§ **Your instructions**
Write out, with no changes, every line starting at the one that contains "Adidas Predator 25" and ending at the last line of the data below. Leave pictures out.

§ **Data in this exercise**
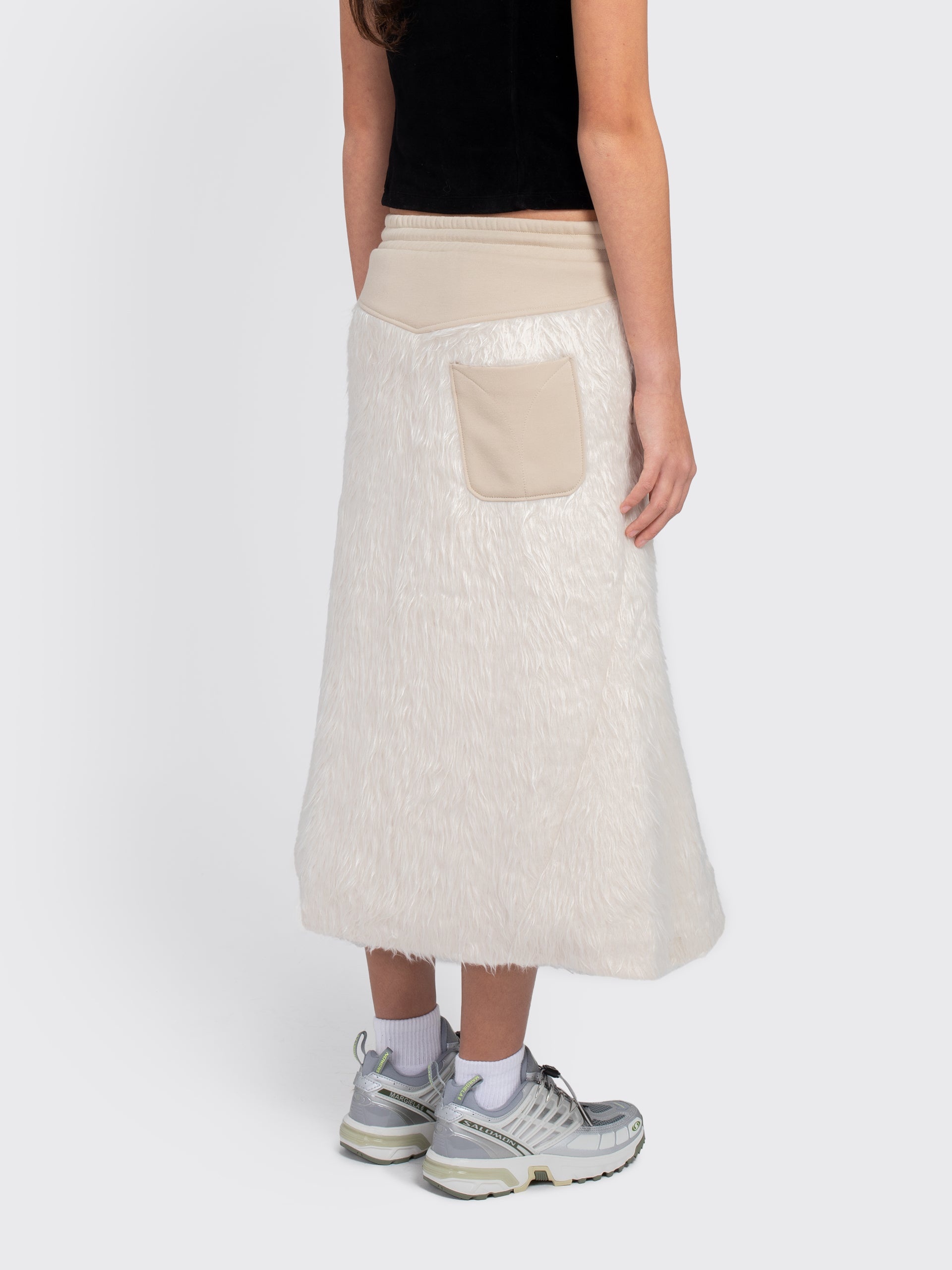 Shaggy Fur Track Skirt - 3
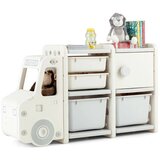 Costway Organizator za shranjevanje igrač Shramba za igrače 110 x 32 x 66 cm, (5000023927) Cene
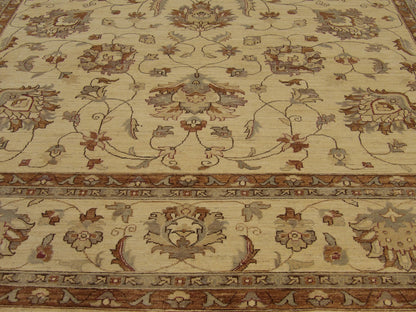 Oushak Chobie Natural-dye 10'0"x14'0" Hand-knotted Rug -W558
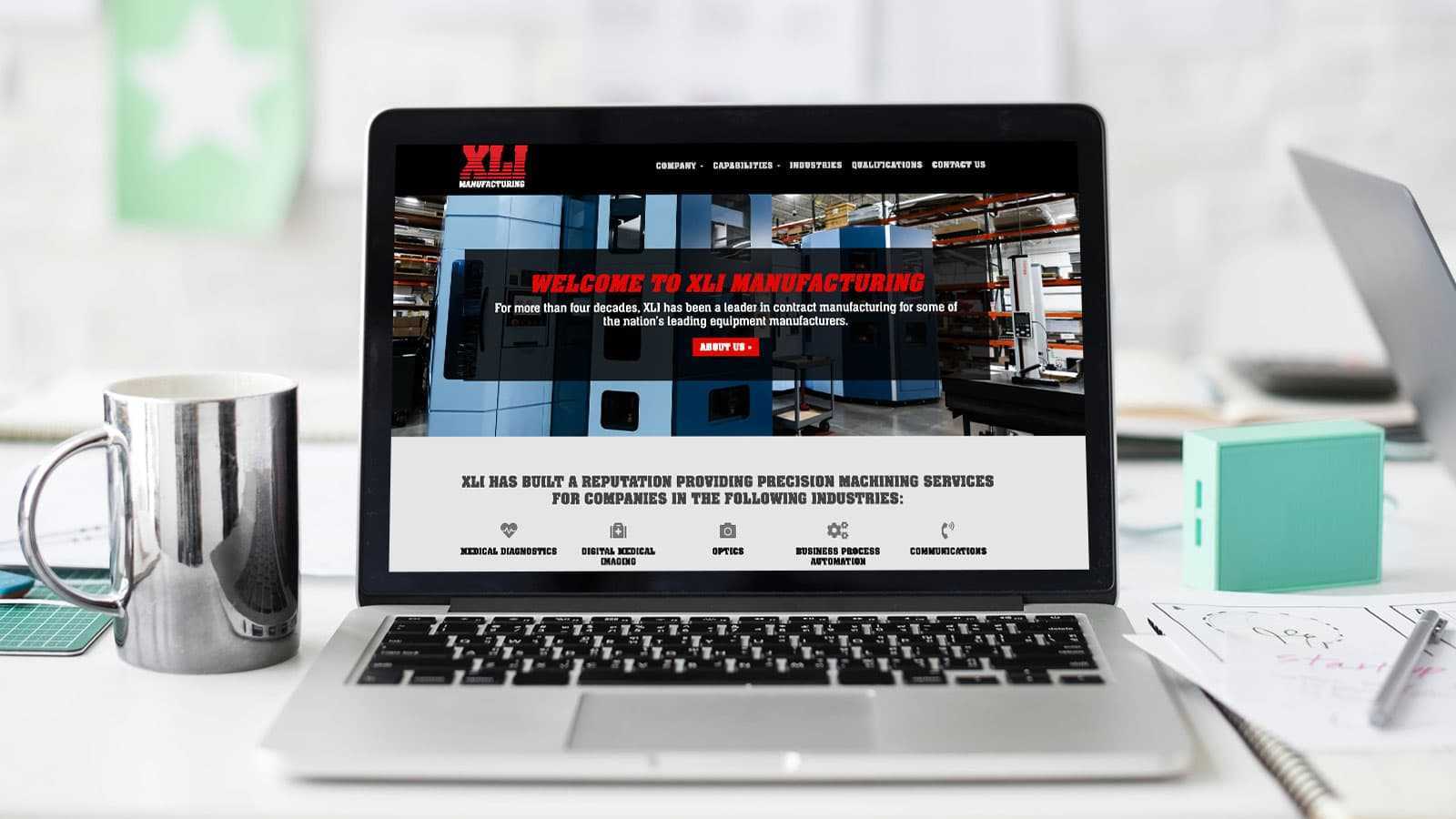 XLI Manufacturing Website Design Work by Fazio Creative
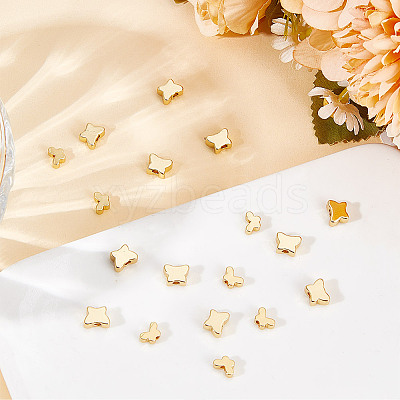 40Pcs 2 Style Brass Beads KK-GO0001-03-1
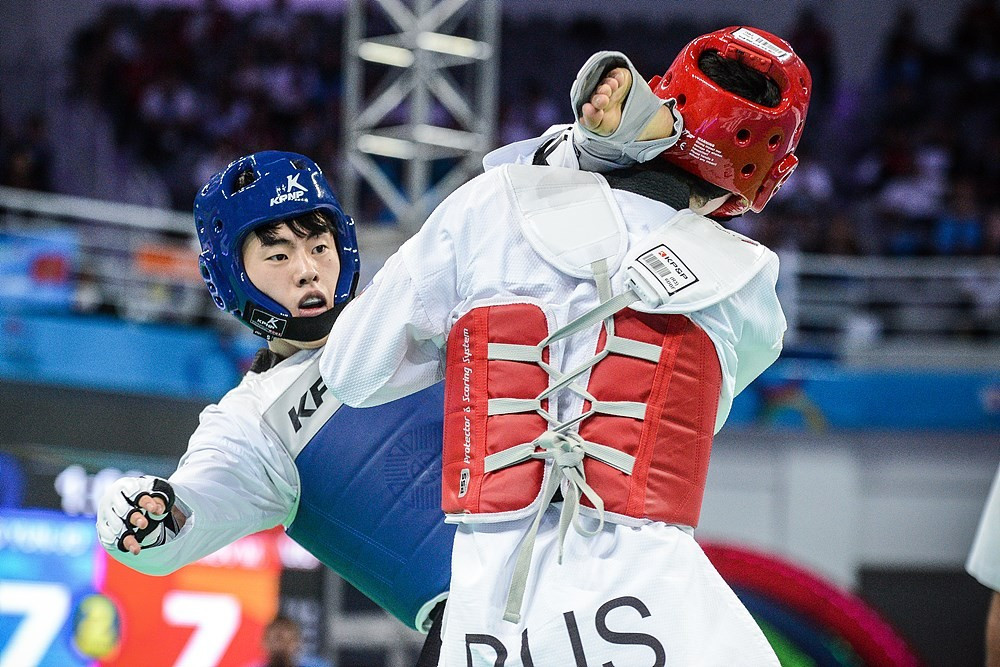 Jeong Yun-Jo increased hosts South Korea’s gold medal tally for the event to four ©World Taekwondo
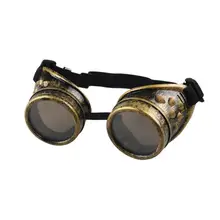 Новое поступление унисекс солнцезащитные очки в винтажном стиле стимпанк очки сварочные панк очки косплей горячая Распродажа lunetes de soleil# J05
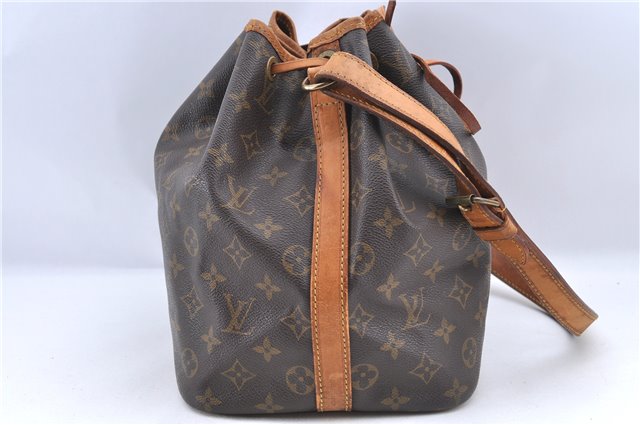 Authentic Louis Vuitton Monogram Petit Noe Shoulder Bag M42226 LV J0060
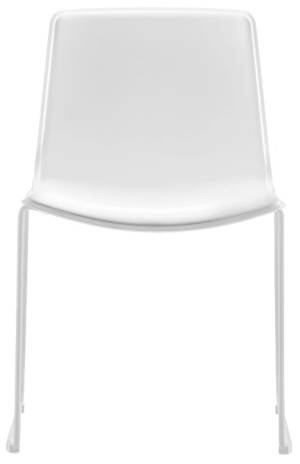 Стул пластиковый на полозьях Tweet белый 530х520х805 мм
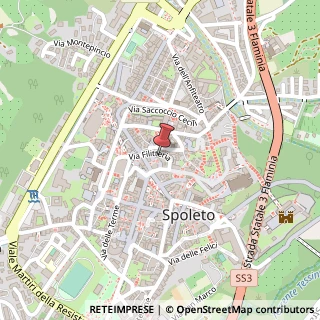 Mappa Via Filitteria, 10/A, 06049 Spoleto, Perugia (Umbria)
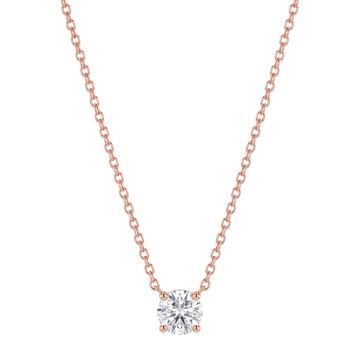 The Luminous Rose Solitaire Pendant Chain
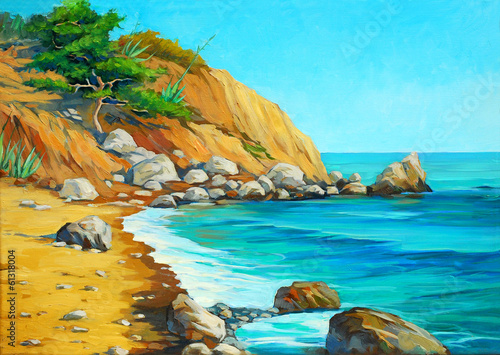 paisaje-del-mar-mediterraneo-con-playa-y-bahia-pintura-b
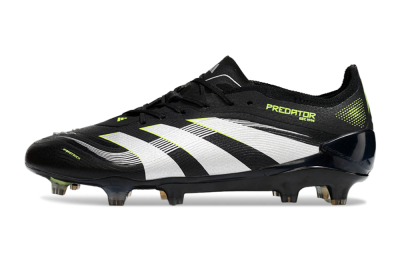 Adidas Predator 25 Elite FG Firm Ground Soccer Cleats - Black/White/Yellow
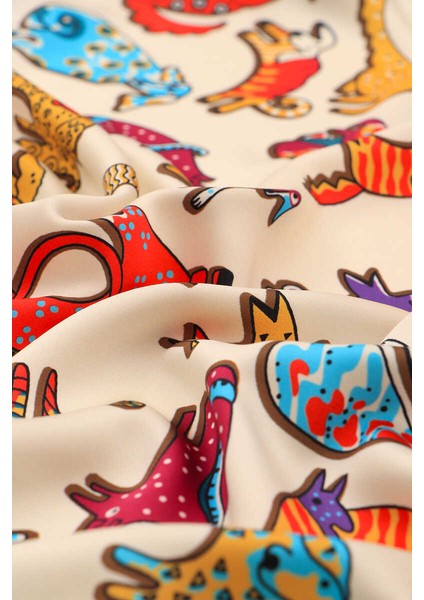 Kırmızı Sarı Desenli Ipeksi Mendil modelleri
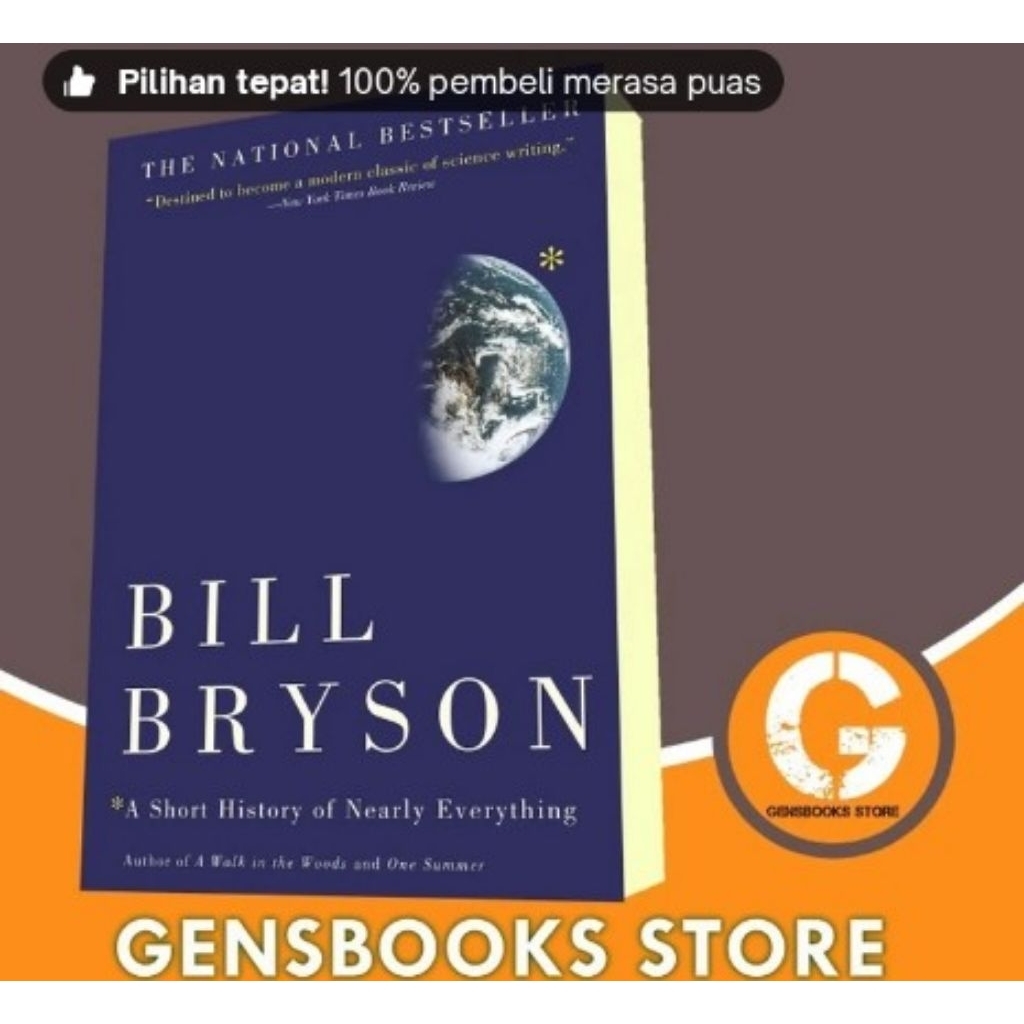 Buku A Short History of Nearly Everything Bill Bryson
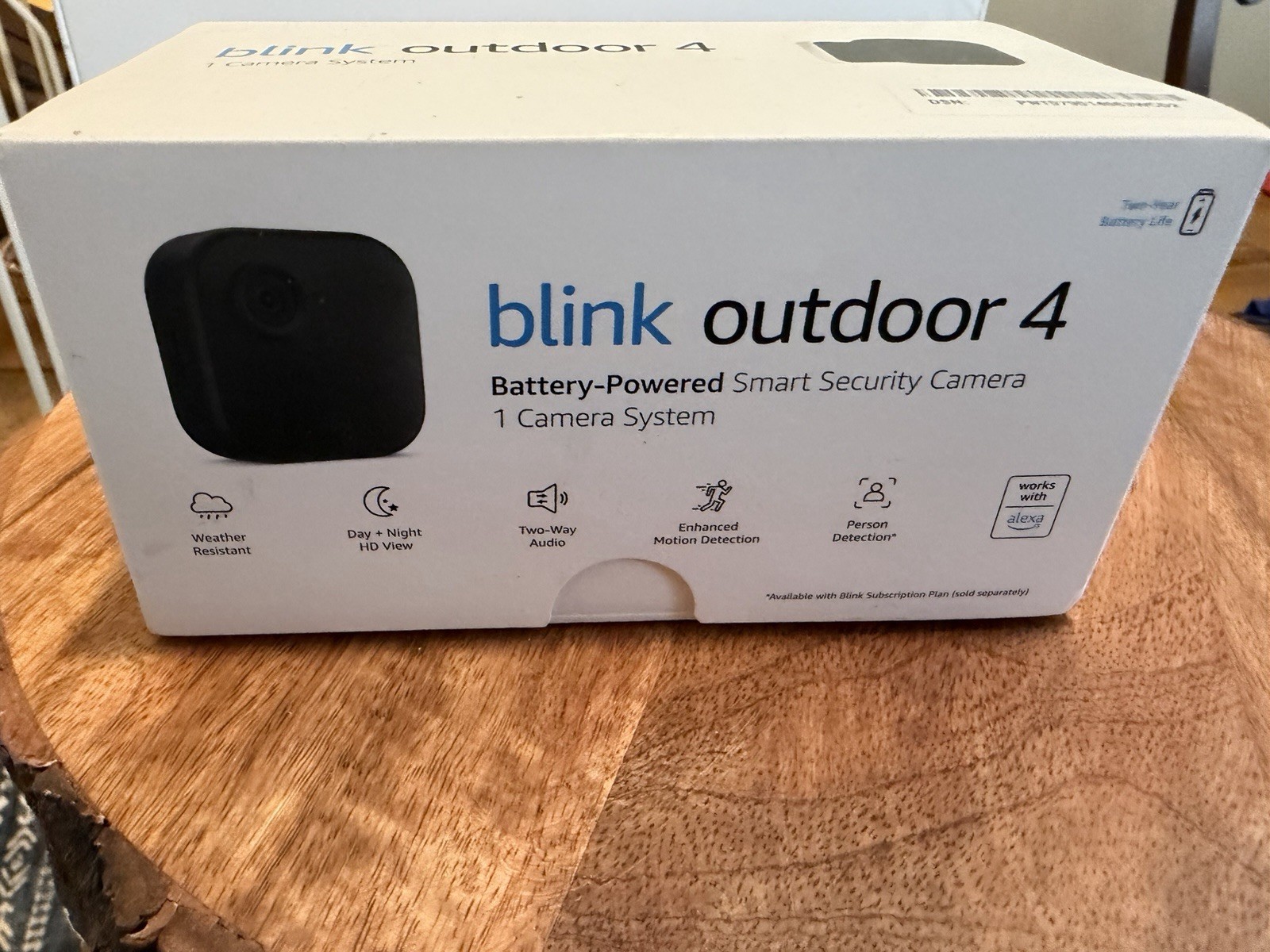 Blink Outdoor 4 Wireless Battery-Powered 1080p HD Security Camera, Alexa, 1 Pack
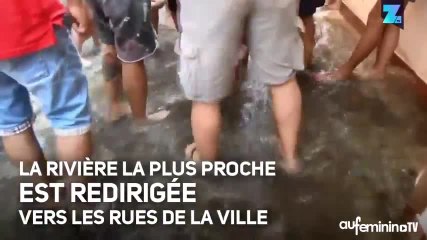 Chaque été, ce village se laisse inonder volontairement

§ **Response area**
 Adidas Predator 25 Elite FG Firm Ground Soccer Cleats - Black/White/Yellow
 Kırmızı Sarı Desenli Ipeksi Mendil modelleri
 Buku A Short History of Nearly Everything Bill Bryson
 Blink Outdoor 4 Wireless Battery-Powered 1080p HD Security Camera, Alexa, 1 Pack
 Chaque été, ce village se laisse inonder volontairement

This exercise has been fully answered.